Mullen Discusses Initiatives, Progress in First Podcast
By Jim Garamone
American Forces Press Service
WASHINGTON, Nov. 3, 2007 The chairman of the Joint Chiefs of Staff reported on progress in his three initiatives yesterday during an interview for his first “podcast” as chairman.
Navy Adm. Michael G. Mullen had done regular podcasts when he served as Chief of Naval Operations and said he plans on continuing the practice as chairman. He assumed the position Oct. 1.
Developing a military strategy for the Middle East is top priority, Mullen said, and the United States has clear vital national interests in stability in the region.
“That is clearly a part of the world that needs our continued focus,” the chairman said.
“It’s very important that we continue to focus on Iraq and Afghanistan, but it’s larger than that,” Mullen said. “Certainly there are significant challenges being continuously raised by Iran. There is this concerted effort on the part of our government to work the Israeli-Palestinian issue. We’ve had some challenges with Syria.”
The chairman said any strategy for the region must encourage the moderate countries in the region and strengthen the important friends the country has in the Persian Gulf.
“The idea is to have a military strategy across the full capabilities that we have and to do so in a way to stabilize that part of the world,” he said.
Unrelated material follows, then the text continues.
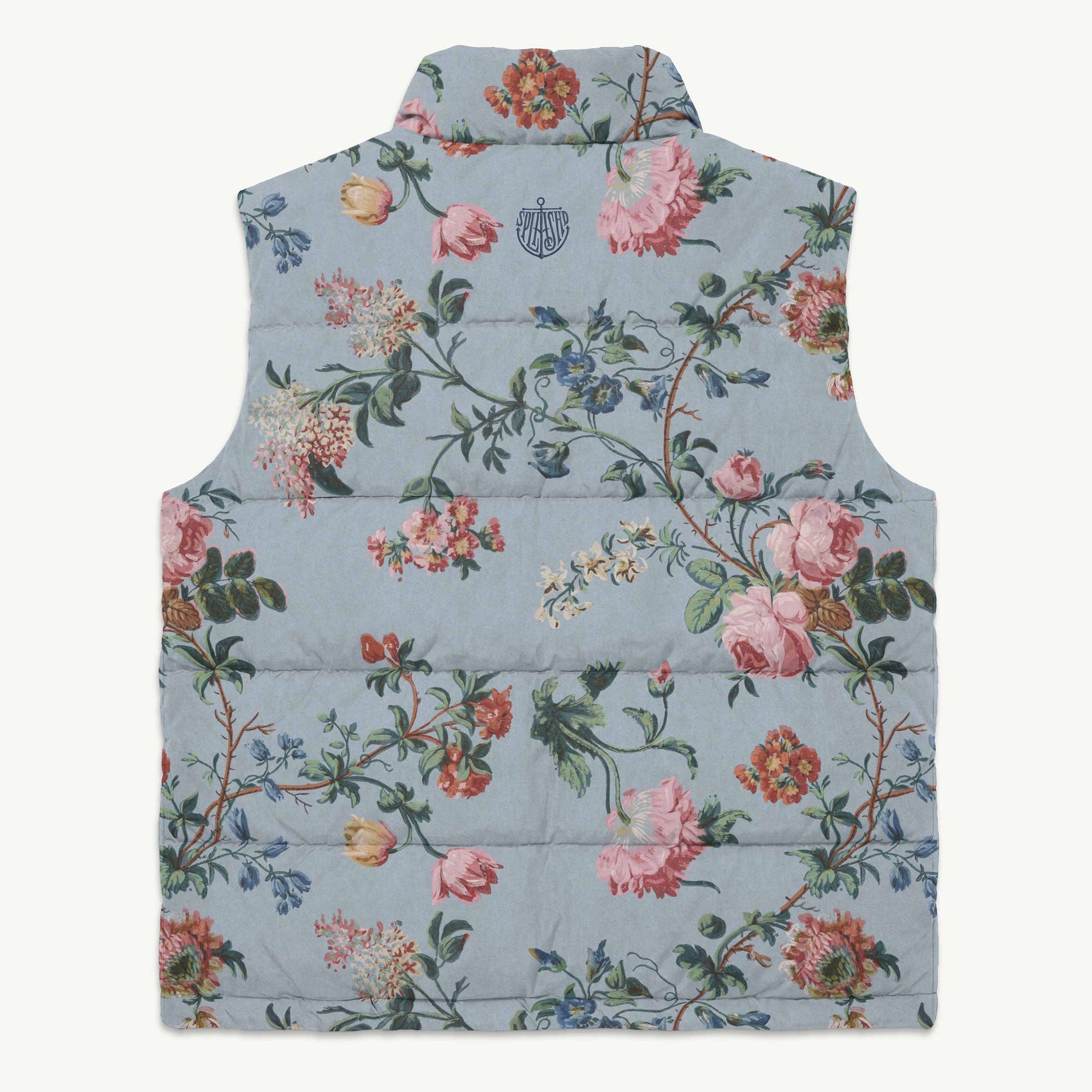 Bud-ding Romance Blue Puffy Vest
The chairman’s second priority is to reset, revitalize and reconstitute U.S. armed forces – especially the Army and Marine Corps. The ground forces have been “very pressed” since September 11, 2001 and they will continue to be worked hard for the foreseeable future, he said.
The chairman said he will look for ways to relieve the stress the forces face. While people are paramount, there are other considerations, he said.
“It’s not just about people,” he said. “It’s about training and equipping now, and in the future as well. So when I talk reset, revitalize and reconstitute I want to talk and focus on all three of those aspects: people, training and equipment.”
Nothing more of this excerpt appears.